When creating a Spark DataFrame, sometimes the schema cannot be inferred automatically, especially when the data is in a complex format. In such cases, you can explicitly define the schema using `StructType` and `StructField`. This approach allows for greater control over the data types and structure of your DataFrame.
Creating a Spark DataFrame with Explicit Schema in PySpark
First, we’ll go through an example in PySpark where we create a DataFrame with a predefined schema.

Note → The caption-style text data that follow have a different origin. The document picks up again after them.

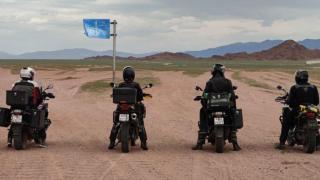 Ето какви характеристики и правила има пътуването с мотоциклет в група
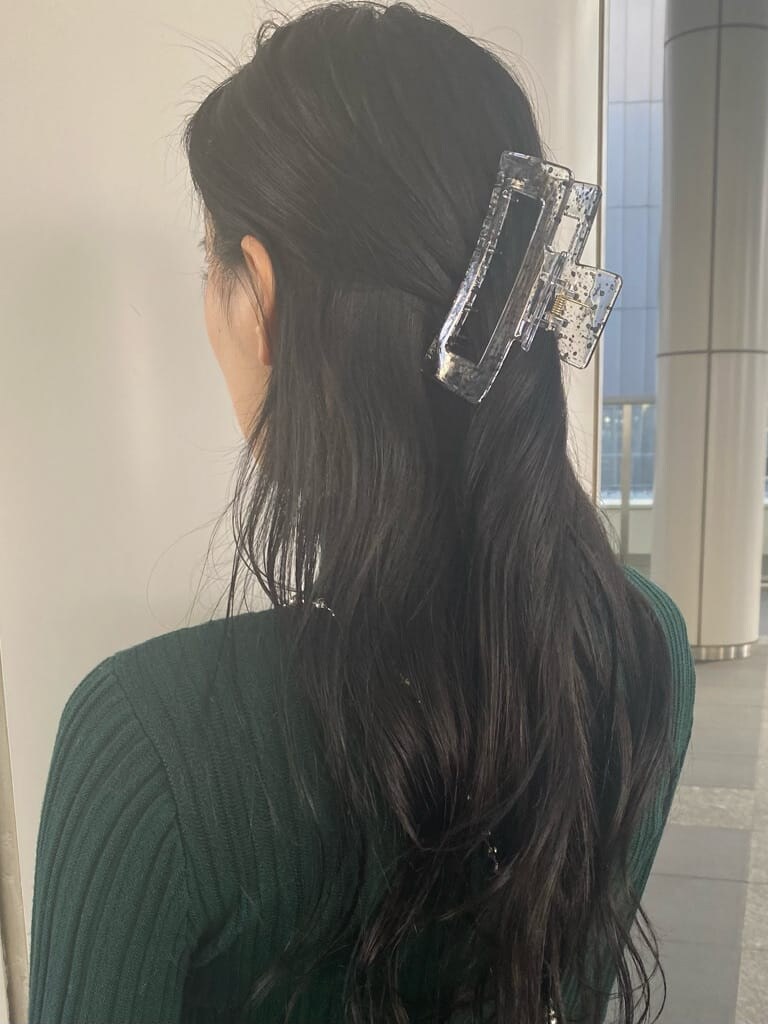 グリーン系のニット/セーター、その他のバレッタ/ヘアクリップを着用したレディースの冬コーディネートの2枚目の写真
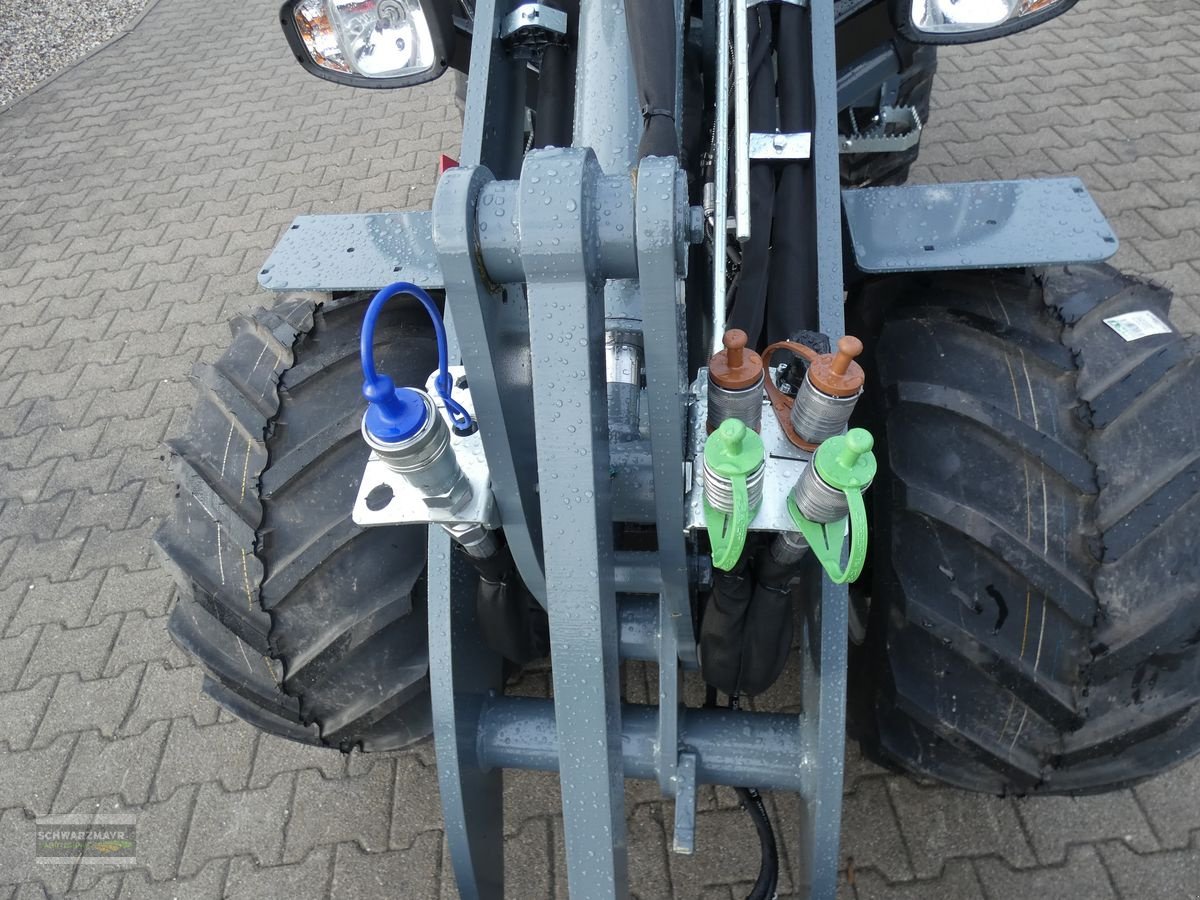 Hoflader des Typs GiANT G2700 X-tra HD+, Mietmaschine in Gampern (Bild 11)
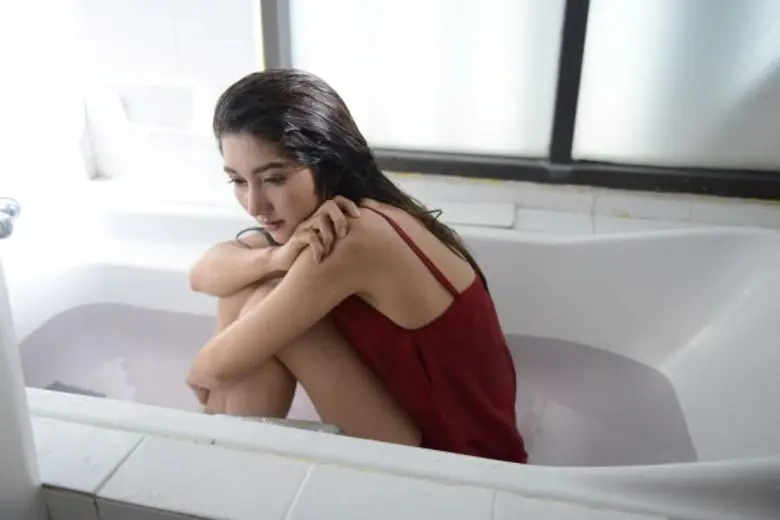 ส่งเพลงเดี่ยว "ไม่อาจหยุดยั้ง" ภายใต้ชายค...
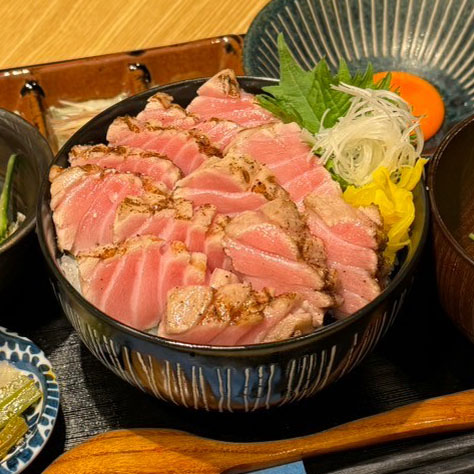 マグロとご飯 黒田飯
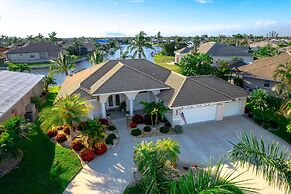 Luxury Long Waterview w Pool-kayaks-clubs-bikes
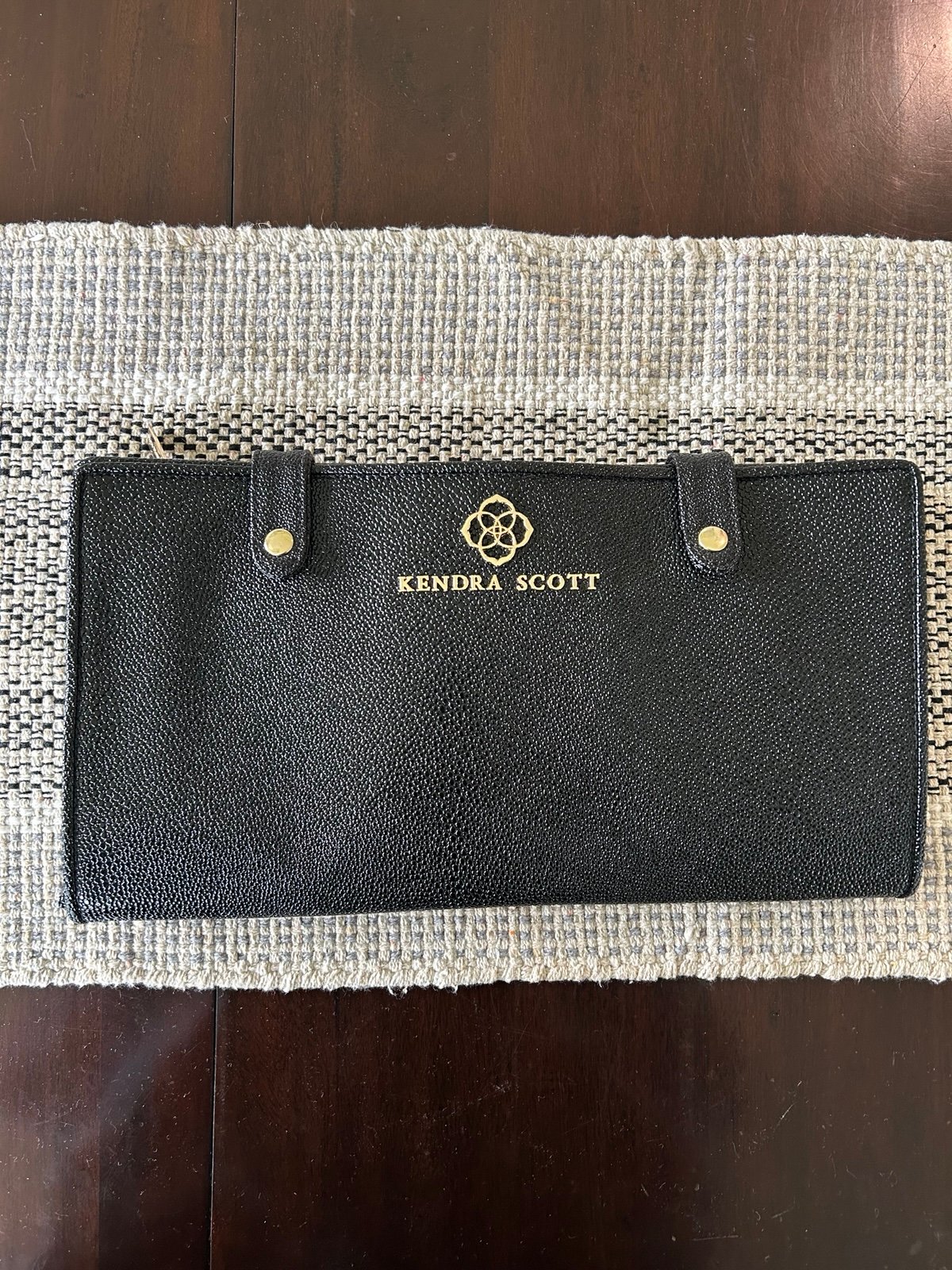 Kendra Scott - Jewelry hanger/travel bag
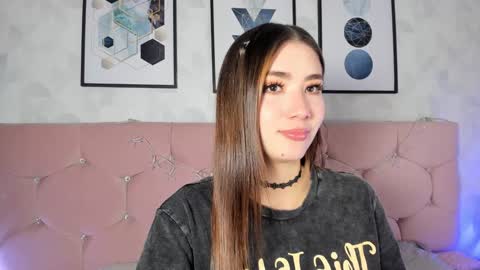 Snapshot of lunar_leen chatting on 28, 12, 2024 Luna  online show from 28, 12, 2024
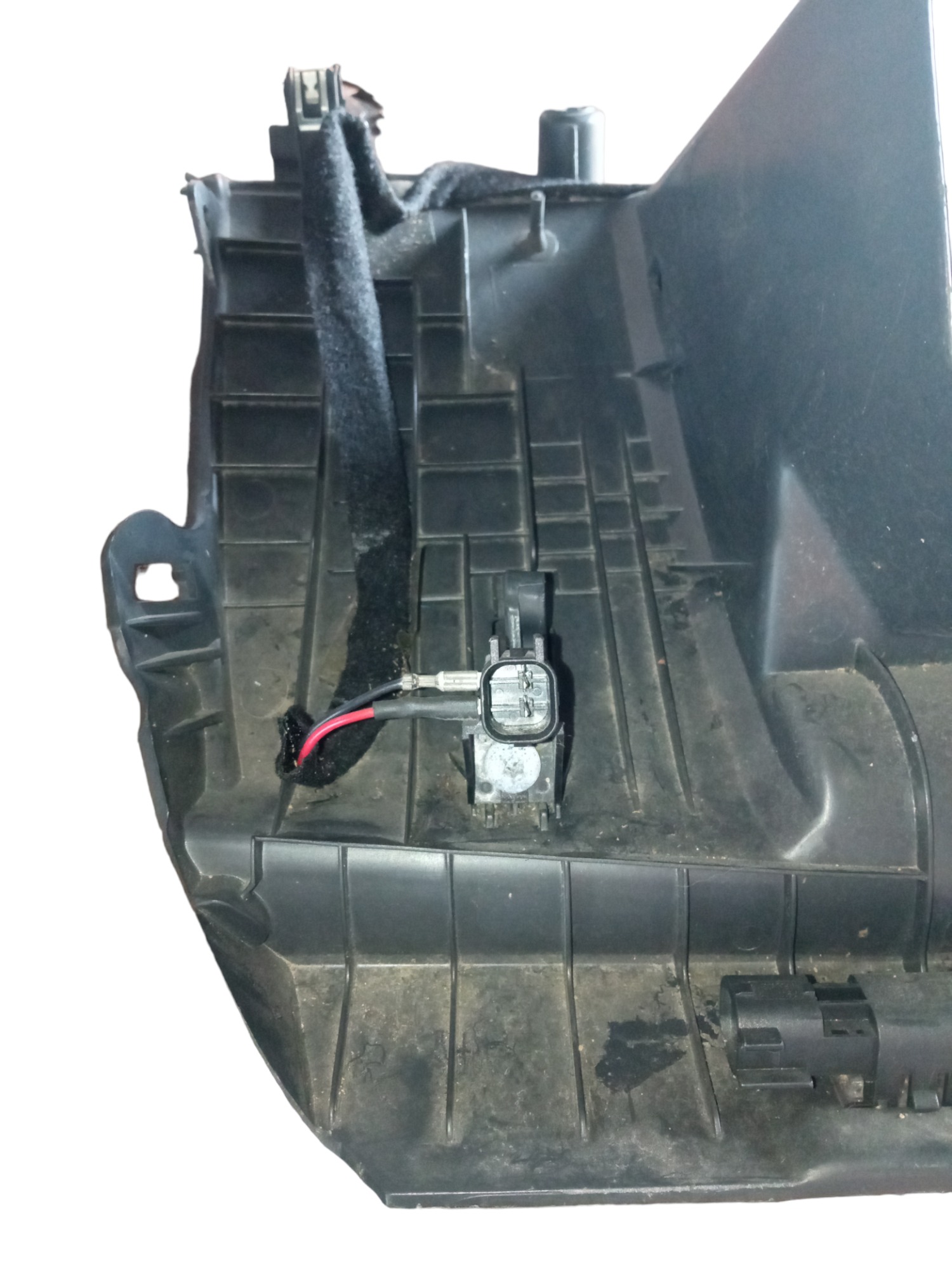 Moldura Tampa Porta Luvas Volvo T5 S40 V50 C30  2005. M.v 6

Let’s assume we have the following JSON data:
{"name": "John", "age": 30, "city": "New York"}
{"name": "Doe", "age": "25", "city": "Los Angeles"}
Here’s how you can define the schema and create the DataFrame:
from pyspark.sql import SparkSession
from pyspark.sql.types import StructType, StructField, StringType, IntegerType
# Initialize Spark session
spark = SparkSession.builder.master("local[1]").appName('SparkByExamples.com').getOrCreate()
# Define the schema
schema = StructType([
StructField("name", StringType(), True),
StructField("age", IntegerType(), True),
StructField("city", StringType(), True)
])
# Load the data with schema
json_data = [
{"name": "John", "age": 30, "city": "New York"},
{"name": "Doe", "age": 25, "city": "Los Angeles"}
]
# Create DataFrame
df = spark.createDataFrame(json_data, schema)
# Show the DataFrame
df.show()
Output:
+----+---+-------------+
|name|age| city|
+----+---+-------------+
|John| 30| New York|
| Doe| 25| Los Angeles|
+----+---+-------------+
Creating a Spark DataFrame with Explicit Schema in Scala
Similarly, in Scala, you can create a DataFrame with a predefined schema as follows:
import org.apache.spark.sql.SparkSession
import org.apache.spark.sql.types.{StructType, StructField, StringType, IntegerType}
// Initialize Spark session
val spark = SparkSession.builder().appName("SparkExample").master("local[1]").getOrCreate()
// Define the schema
val schema = StructType(Array(
StructField("name", StringType, true),
StructField("age", IntegerType, true),
StructField("city", StringType, true)
))
// Load the data with schema
val jsonData = Seq(
"""{"name": "John", "age": 30, "city": "New York"}""",
"""{"name": "Doe", "age": 25, "city": "Los Angeles"}"""
)
import spark.implicits._
val rdd = spark.sparkContext.parallelize(jsonData)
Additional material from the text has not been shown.